### PROVIDED MATERIAL:

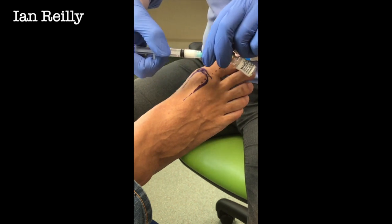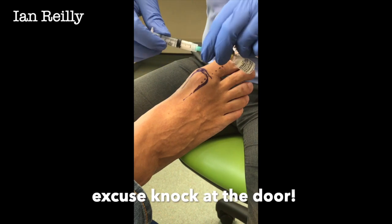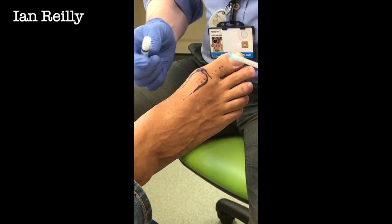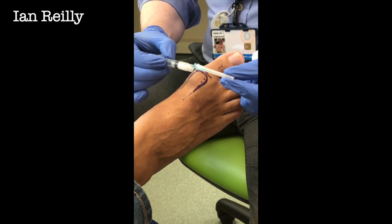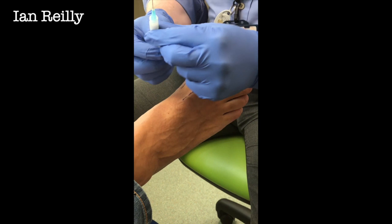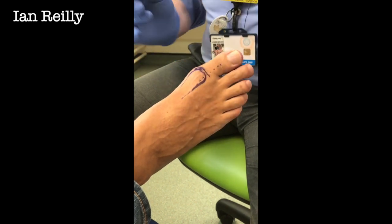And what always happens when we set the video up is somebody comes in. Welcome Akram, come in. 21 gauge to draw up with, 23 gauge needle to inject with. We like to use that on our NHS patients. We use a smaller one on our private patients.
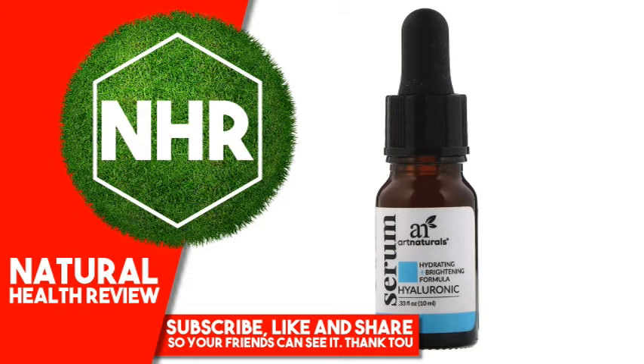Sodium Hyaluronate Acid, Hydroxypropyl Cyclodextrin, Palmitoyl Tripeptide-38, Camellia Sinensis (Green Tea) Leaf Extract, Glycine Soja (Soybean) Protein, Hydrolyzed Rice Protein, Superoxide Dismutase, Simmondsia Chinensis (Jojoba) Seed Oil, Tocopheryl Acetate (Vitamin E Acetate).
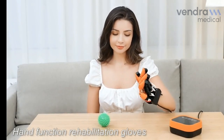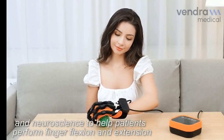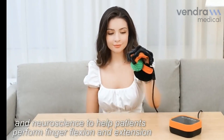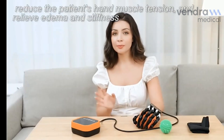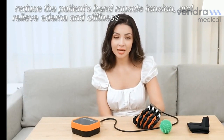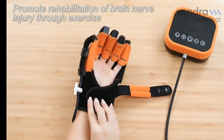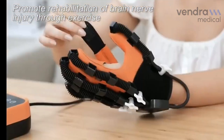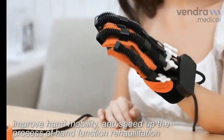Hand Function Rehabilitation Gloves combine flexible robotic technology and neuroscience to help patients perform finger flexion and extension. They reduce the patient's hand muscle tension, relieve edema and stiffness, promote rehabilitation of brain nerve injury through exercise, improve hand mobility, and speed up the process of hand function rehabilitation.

### WHAT THE TASK ASKS:
Transcribe all of the data above exactly; no picture belongs in the copy.

### RESPONSE TO THIS TASK:
And what always happens when we set the video up is somebody comes in. Welcome Akram, come in. 21 gauge to draw up with, 23 gauge needle to inject with. We like to use that on our NHS patients. We use a smaller one on our private patients.
Sodium Hyaluronate Acid, Hydroxypropyl Cyclodextrin, Palmitoyl Tripeptide-38, Camellia Sinensis (Green Tea) Leaf Extract, Glycine Soja (Soybean) Protein, Hydrolyzed Rice Protein, Superoxide Dismutase, Simmondsia Chinensis (Jojoba) Seed Oil, Tocopheryl Acetate (Vitamin E Acetate).
Hand Function Rehabilitation Gloves combine flexible robotic technology and neuroscience to help patients perform finger flexion and extension. They reduce the patient's hand muscle tension, relieve edema and stiffness, promote rehabilitation of brain nerve injury through exercise, improve hand mobility, and speed up the process of hand function rehabilitation.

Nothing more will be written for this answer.